Snaresbrook Crown Court heard he possessed a collection of far-right paraphernalia including a football flag adorned with SS symbols and a badge carrying the name of neo-Nazi group Combat 18.
Healy, from Portsmouth, denied holding extremist views, claiming that Mr Jones had spilled his drink and he did not know who he was.
Judge Anne Studd QC sentenced him to two years and eight months imprisonment for assault, and 10 months to run concurrently for affray on Friday.
Following Healy’s arrest, a search of his home revealed a photograph of him performing a Nazi salute as a teenager, but he claimed his arm was held out to show off his Chelsea Youth Firm tattoo.
Healy denied holding extremist views and said the flag and pin badges were part of a wider collection of Chelsea FC memorabilia, and he was not aware of their connection to the far right.
The court heard that Healy had a string of convictions for football violence and was subject to a football banning order during his trial in January.

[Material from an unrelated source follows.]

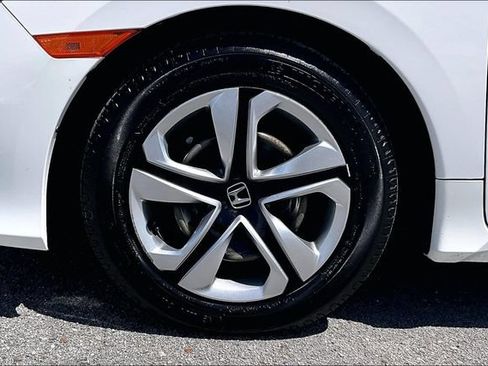 Used 2018 Honda Civic LX image 30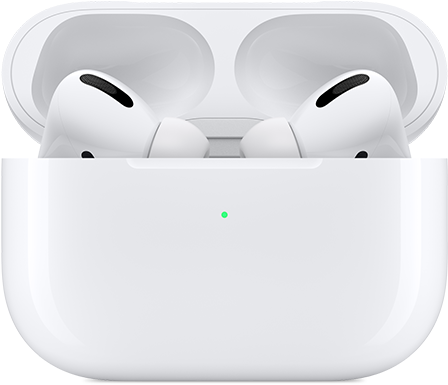 白色無線耳機與充電盒 壁紙 — 白色無線耳機安放在打開的充電盒中，帶有發光的綠色電池指示燈。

Co-defendants Liam Tracey, 35, from Camden, and Charlie Ambrose, 30, from Brighton, were given suspended sentences after pleading guilty to affray.
They will be jailed for eight months if they commit further offences within the next two years.
Ambrose and Tracey previously denied a charge of actual bodily harm and it was left to lie on file, with prosecutors accepting their actions were not motivated by homophobia.
Mr Jones suffered cuts and swelling to his back and head, and bruises all down his body in the assault during his birthday night out on 17 August last year.
He had been celebrating with friends at The Lexington pub in Islington, north London.
The left-wing writer and commentator told the court he had been the subject of an “unrelenting” campaign of abuse by far-right sympathisers, including daily death threats.
Mr Jones said: “I’m an unapologetic socialist, I’m an anti-racist, I’m an anti-fascist and I’ve consistently used my profile to advocate left-wing causes.”
He said he had become a “hate figure” for right-wing extremists, adding: “It’s the combination of being left-wing, gay, anti-fascist – that’s everything the far-right hate.”
Last year, The Guardian hired a security team and commissioned a report because of the rising threats against Mr Jones online.
The court heard that Mr Jones published his first book, Chavs: The Demonisation Of The Working Class, in 2011 and landed a job as a columnist with The Independent the following year.
He moved to The Guardian in 2014 and frequently appears on radio and television on programmes.
Following the sentencing, Mr Jones said: “Prison is no solution to the growing threat of far right extremism.
“It is a menace to minorities and the left – far-right extremists and sympathisers have caused far more suffering to others who lack my media platform.
“Those responsible for radicalising far-right extremists include entire mainstream media outlets and politicians, and I hold them personally partially responsible for what happened to me and to others, too.”